- **WHAT TO DO**
An exact transcription of the entries is required, with none of the pictures carried over.

[Stored records]
[Start of section]
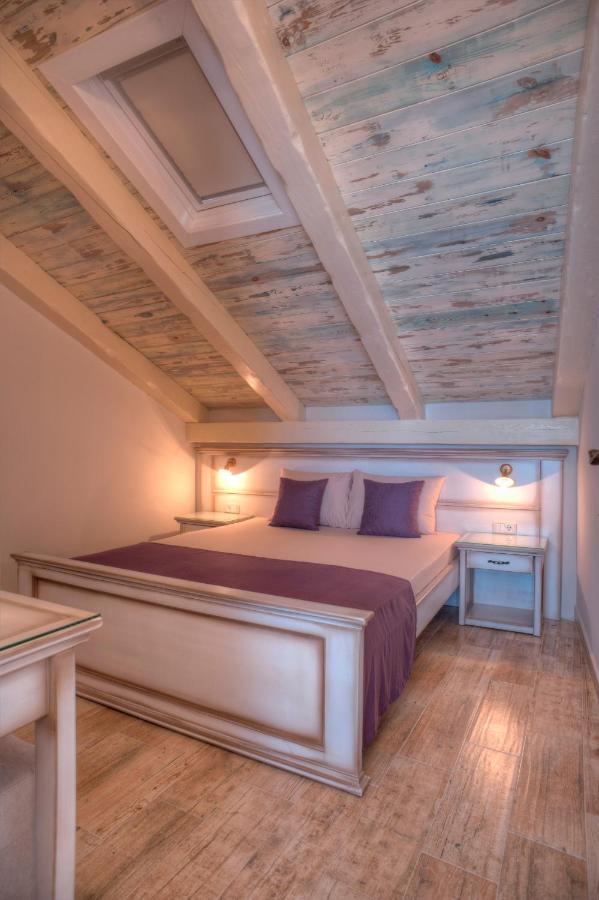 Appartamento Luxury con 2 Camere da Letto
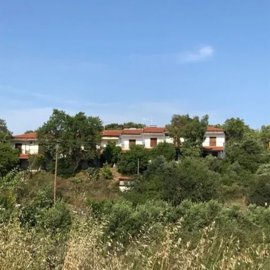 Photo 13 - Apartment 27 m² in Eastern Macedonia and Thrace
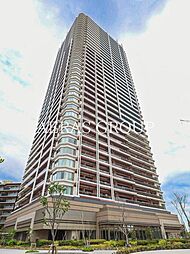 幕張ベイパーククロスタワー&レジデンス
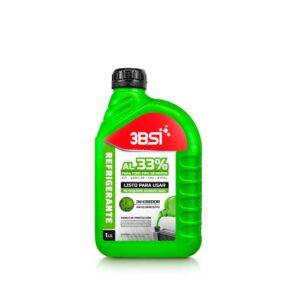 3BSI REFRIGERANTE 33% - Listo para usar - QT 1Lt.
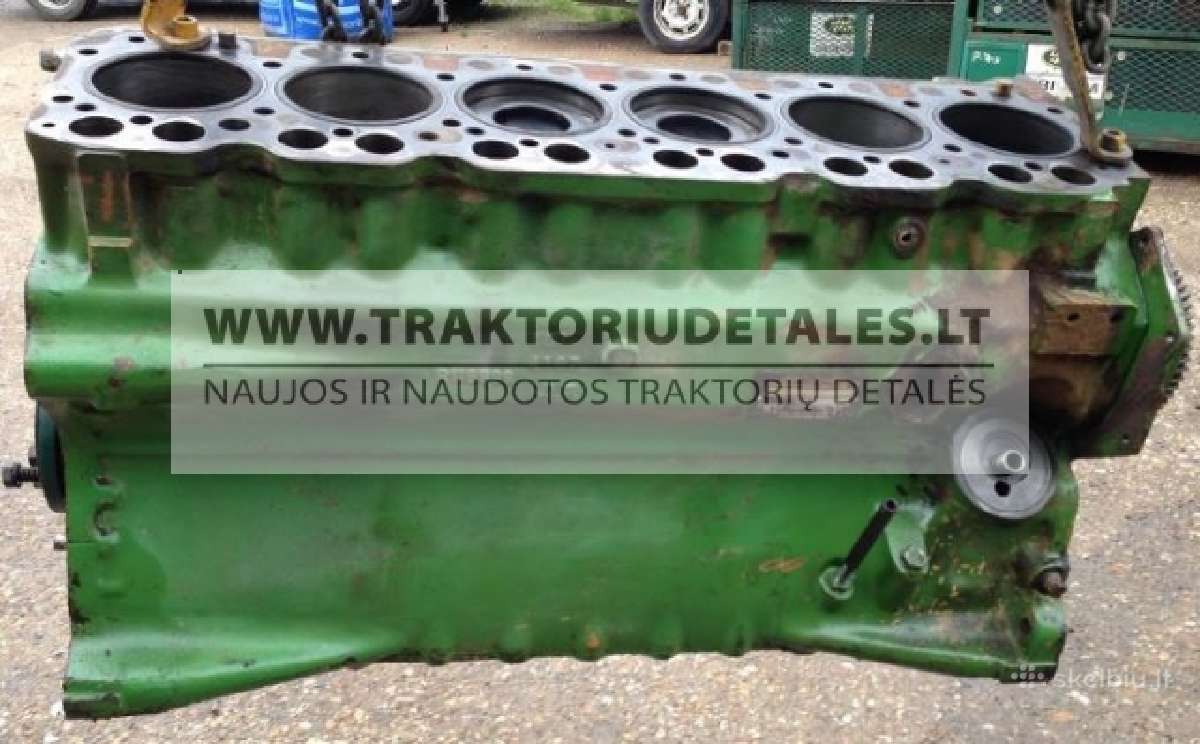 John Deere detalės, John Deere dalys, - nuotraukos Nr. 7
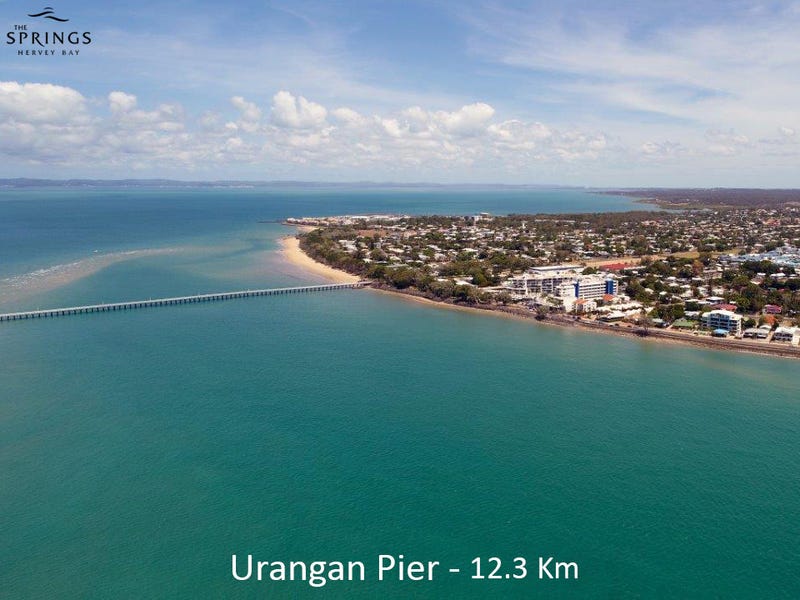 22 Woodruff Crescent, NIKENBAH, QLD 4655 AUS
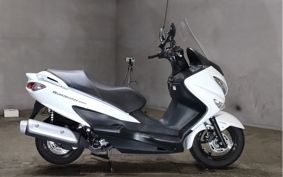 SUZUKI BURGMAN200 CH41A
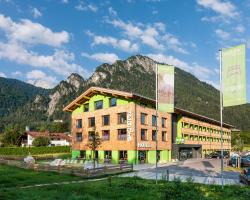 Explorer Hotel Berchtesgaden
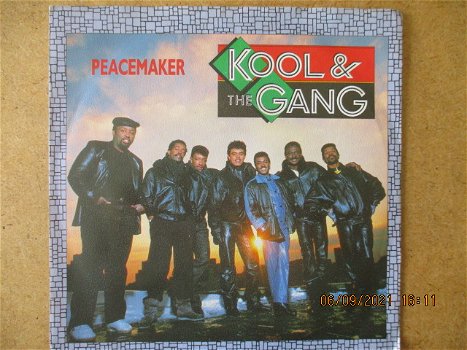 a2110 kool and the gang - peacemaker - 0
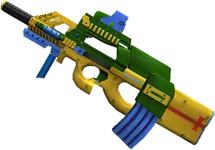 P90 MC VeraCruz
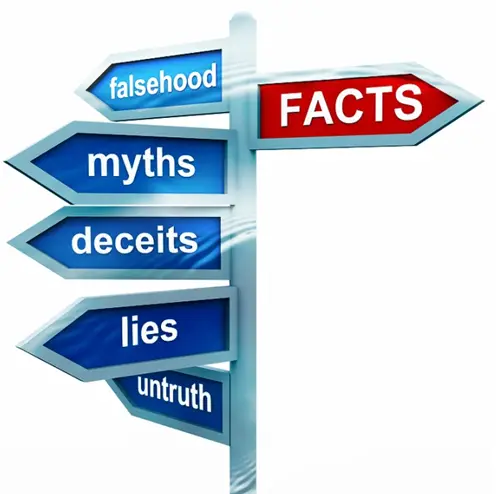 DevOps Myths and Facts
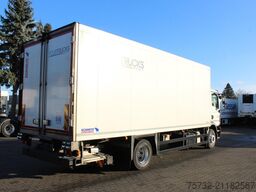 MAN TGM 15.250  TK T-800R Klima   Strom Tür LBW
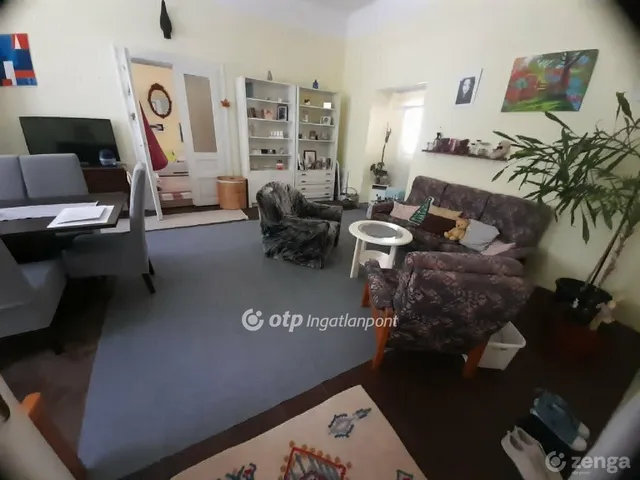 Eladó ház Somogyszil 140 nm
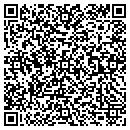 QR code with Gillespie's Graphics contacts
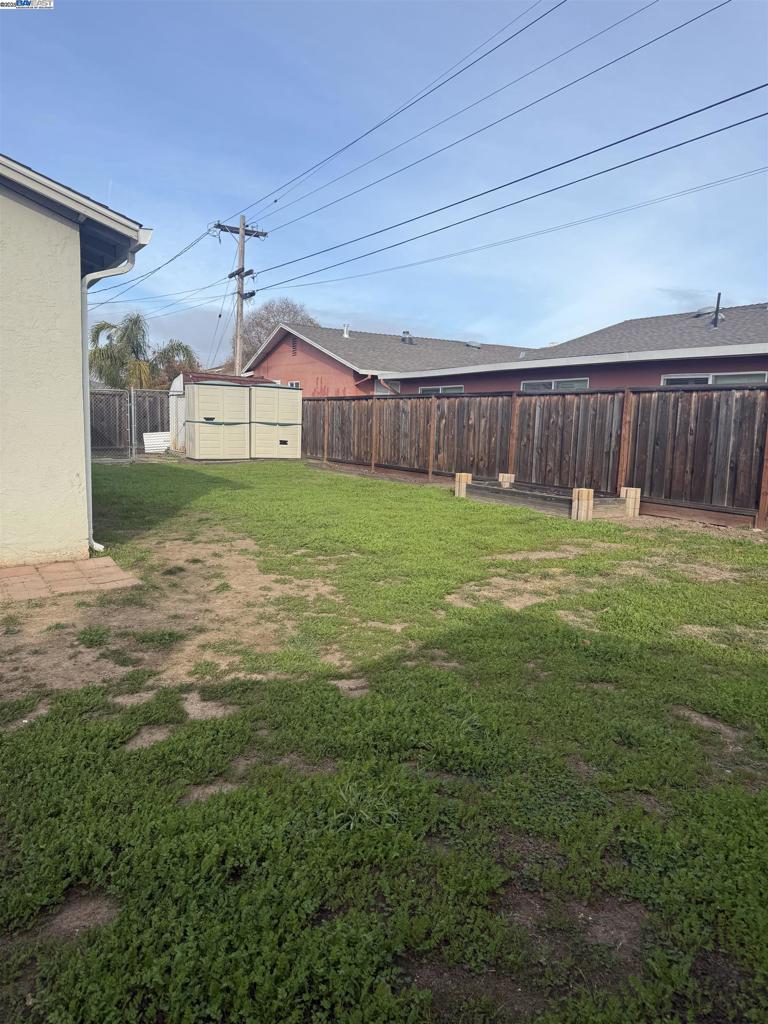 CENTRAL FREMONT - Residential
[End of section]
- **EXPECTED ANSWER**
 Appartamento Luxury con 2 Camere da Letto
 Photo 13 - Apartment 27 m² in Eastern Macedonia and Thrace
 幕張ベイパーククロスタワー&レジデンス
 3BSI REFRIGERANTE 33% - Listo para usar - QT 1Lt.
 John Deere detalės, John Deere dalys, - nuotraukos Nr. 7
 22 Woodruff Crescent, NIKENBAH, QLD 4655 AUS
 SUZUKI BURGMAN200 CH41A
 Explorer Hotel Berchtesgaden
 a2110 kool and the gang - peacemaker - 0
 P90 MC VeraCruz
 DevOps Myths and Facts
 MAN TGM 15.250  TK T-800R Klima   Strom Tür LBW
 Eladó ház Somogyszil 140 nm
 QR code with Gillespie's Graphics contacts
 CENTRAL FREMONT - Residential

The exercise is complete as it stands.